I believe I have been careful about syncing threads but this implementation gives an answer which is always too large (by about 5%). I'm guessing there must be some race condition, but as I understand it, each thread writes to a unique index and the tempSum variable is local to each thread so there shouldn't be any race condition. I'm quite sure that my for loop conditions are correct. Any suggestions would be greatly appreciated. Thanks.

Solution

It's better if you provide a complete code. It should be straightforward to do this with trivial additions to what you have shown - just as I have done below. However there are differences between your two realizations even with a restrictive set of assumptions.

I will assume that:

Your overall data set size is a whole number multiple of the size of your threadblock.
You are launching exactly as many threads in total as the size of your data set.

I'm also not going to try and comment on whether your shared realization makes sense, i.e. should be expected to perform better than the non-shared realization. That doesn't seem to be the crux of your question, which is why are you getting a numerical difference between the 2 realizations.

The primary issue is that your method for selecting which elements to compute the pairwise "distance" in each case is not matching. In the non-shared realization, for every element i in your input data set, you are computing a sum of distances between i and every element greater than i:

for i in range(tx+1,A.size):
               ^^^^^^^^^^^

This selection of items to sum does not match the shared realization:

            for i in range(cuda.threadIdx.x,cuda.blockDim.x):
                if(copyIdx != tx):

There are several issues here, but it should be plainly evident that for each block copied in, a given element at position threadIdx.x is only updating its sum if the target element within the block (of data) is greater than that index. That means as you go through the total data set block-wise, you will be skipping elements in each block. That could not possibly match the non-shared realization. If this is not evident, just select actual values for the range of the for loop. Suppose cuda.threadIdx.x is 5, and cuda.blockDim.x is 32. Then that particular element will only compute a sum for items 6-31 in each block of data, throughout the array.

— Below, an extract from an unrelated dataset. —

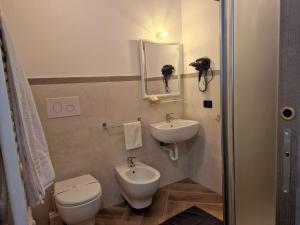 A bathroom at Le Rustiche Foresteria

The solution to this problem is to force the shared realization to line up with the non-shared, in terms of how it is selecting elements to contribute to the running sum.

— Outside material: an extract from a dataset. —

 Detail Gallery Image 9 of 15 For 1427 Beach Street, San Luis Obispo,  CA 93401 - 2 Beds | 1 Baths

In addition, in the non-shared realization you are updating the output point only once, and you are doing a direct assignment:

arrSum[tx] = tempSum

In the shared realization, you are still only updating the output point once, however you are not doing a direct assignment. I changed this to match the non-shared:

arrSum[tx] += tempSum

Here is a complete code with those issues addressed:

$ cat t49.py
from numba import cuda
import numpy as np
import math
import time
from numba import float32

sigma = np.float32(1.0)
tpb = 32

@cuda.jit
def gpuSharedSameSample(A,arrSum):
    #my block size is equal to 32                                                                                                                               
    sA = cuda.shared.array(shape=(tpb),dtype=float32)
    bpg = cuda.gridDim.x
    tx = cuda.threadIdx.x + cuda.blockIdx.x *cuda.blockDim.x
    count = len(A)
    #loop through block by block                                                                                                                                
    tempSum = 0.0
    #myPoint = A[tx]                                                                                                                                            

    if(tx < count):
        myPoint = A[tx]
        for currentBlock in range(bpg):

    #load in a block to shared memory                                                                                                                           
            copyIdx = (cuda.threadIdx.x + currentBlock*cuda.blockDim.x)
            if(copyIdx < count): #this should always be true
                sA[cuda.threadIdx.x] = A[copyIdx]
        #syncthreads to ensure copying finishes first                                                                                                           
            cuda.syncthreads()


            if((tx < count)):    #this should always be true
                for i in range(cuda.blockDim.x):
                    if(copyIdx-cuda.threadIdx.x+i > tx):
                        distance = (myPoint - sA[i])**2
                        tempSum += math.exp(-distance/sigma**2)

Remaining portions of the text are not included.